Data to use:
* * * * * * *

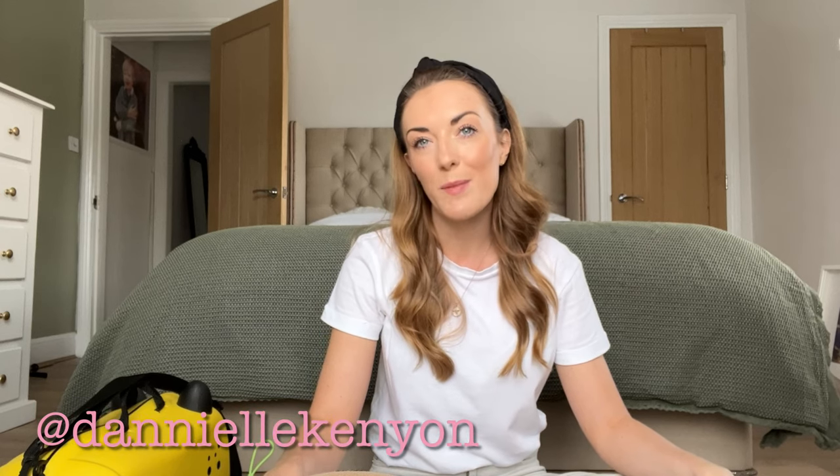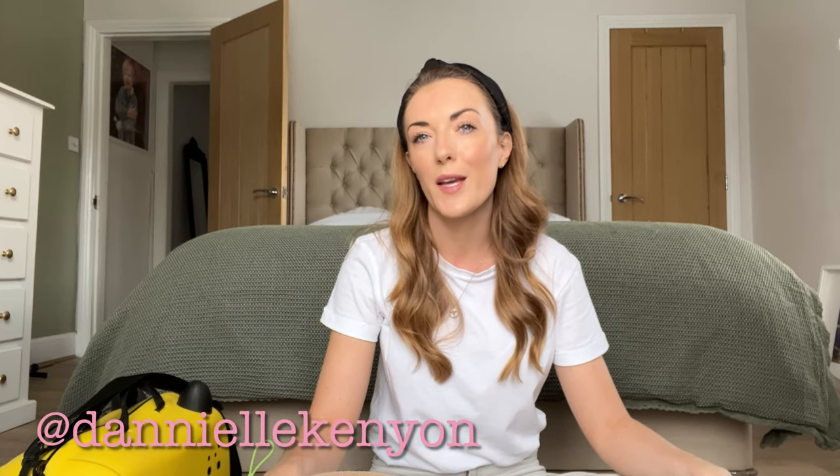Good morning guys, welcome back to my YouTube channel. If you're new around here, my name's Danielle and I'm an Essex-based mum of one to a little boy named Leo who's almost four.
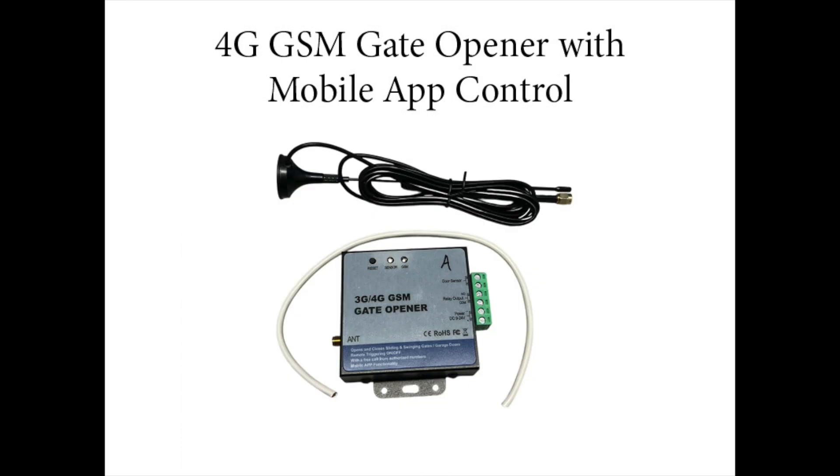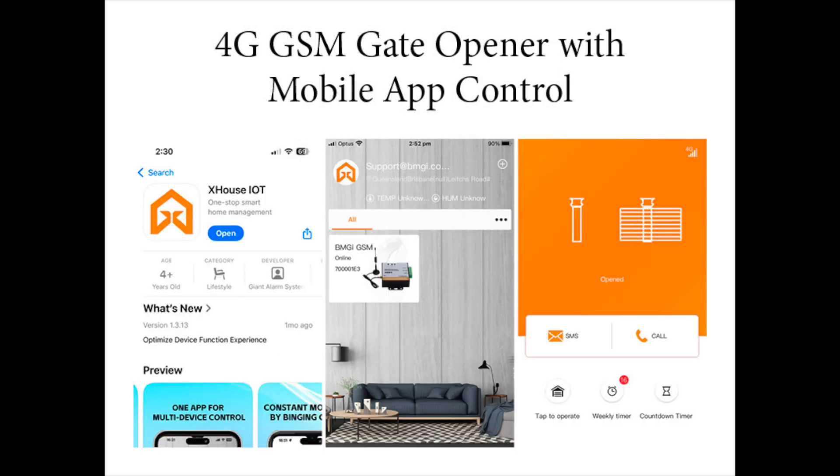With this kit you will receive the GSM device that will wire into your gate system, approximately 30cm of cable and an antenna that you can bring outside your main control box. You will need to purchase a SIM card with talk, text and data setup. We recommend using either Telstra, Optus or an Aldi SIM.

* * * * * * *

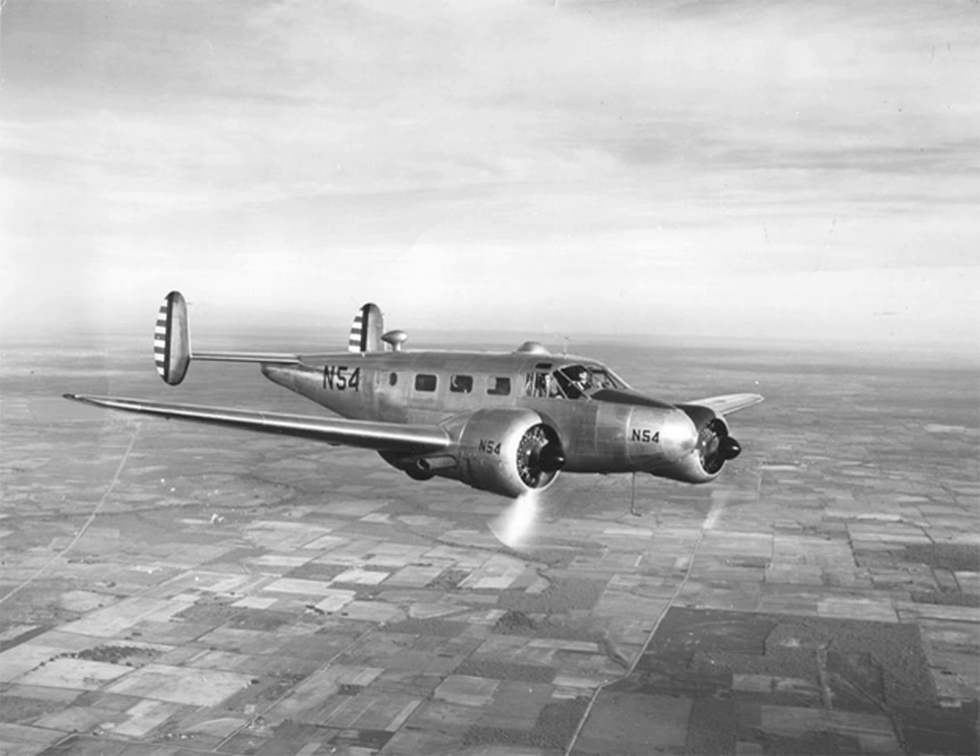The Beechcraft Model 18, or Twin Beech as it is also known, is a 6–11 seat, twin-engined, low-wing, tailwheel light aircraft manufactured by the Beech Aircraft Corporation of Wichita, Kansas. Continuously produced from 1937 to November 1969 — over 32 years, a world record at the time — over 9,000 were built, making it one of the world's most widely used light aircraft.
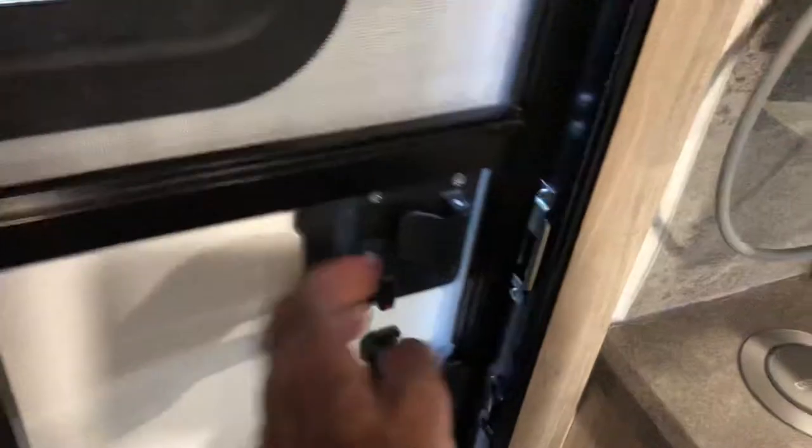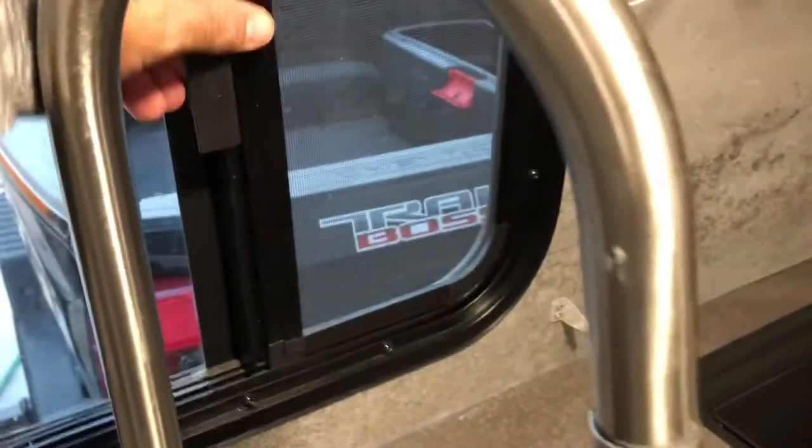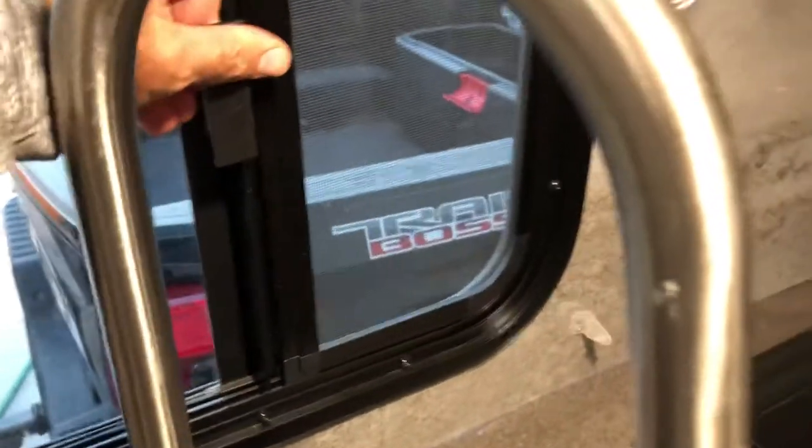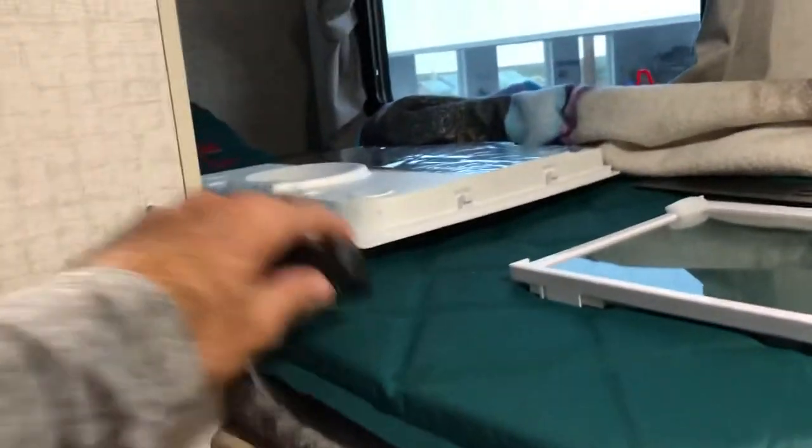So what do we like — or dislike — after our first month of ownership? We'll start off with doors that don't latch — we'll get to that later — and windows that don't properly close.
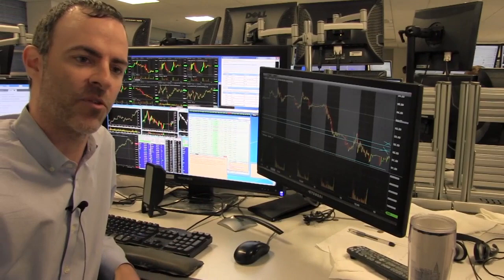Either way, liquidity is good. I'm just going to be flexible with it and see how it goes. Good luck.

* * * * * * *

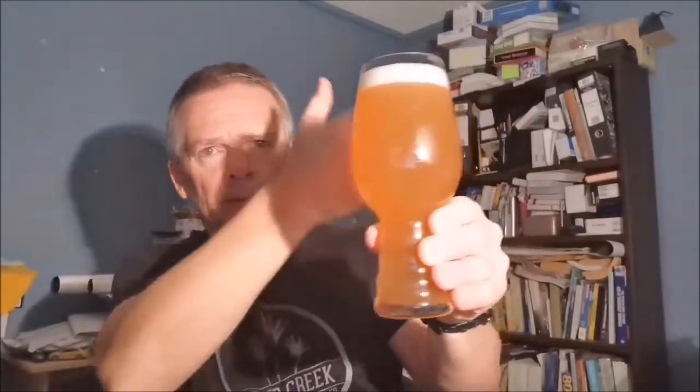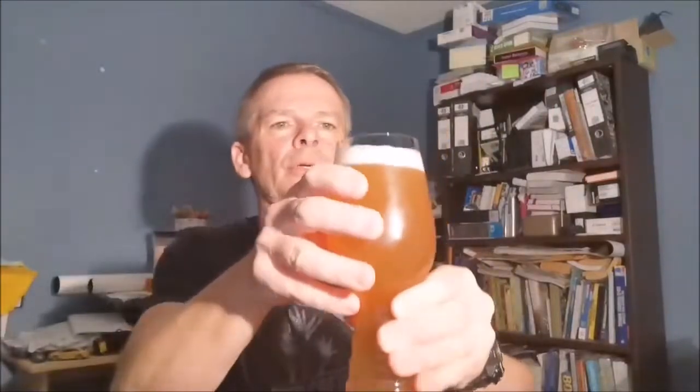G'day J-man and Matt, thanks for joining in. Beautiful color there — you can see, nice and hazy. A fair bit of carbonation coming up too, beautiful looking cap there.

* * * * * * *

What needs to be done: Your answer should be the lines above, word for word, from the line with "Good morning guys, welcome" through the line with "With this kit", minus the pictures.

Solution:
Good morning guys, welcome back to my YouTube channel. If you're new around here, my name's Danielle and I'm an Essex-based mum of one to a little boy named Leo who's almost four.
With this kit you will receive the GSM device that will wire into your gate system, approximately 30cm of cable and an antenna that you can bring outside your main control box. You will need to purchase a SIM card with talk, text and data setup. We recommend using either Telstra, Optus or an Aldi SIM.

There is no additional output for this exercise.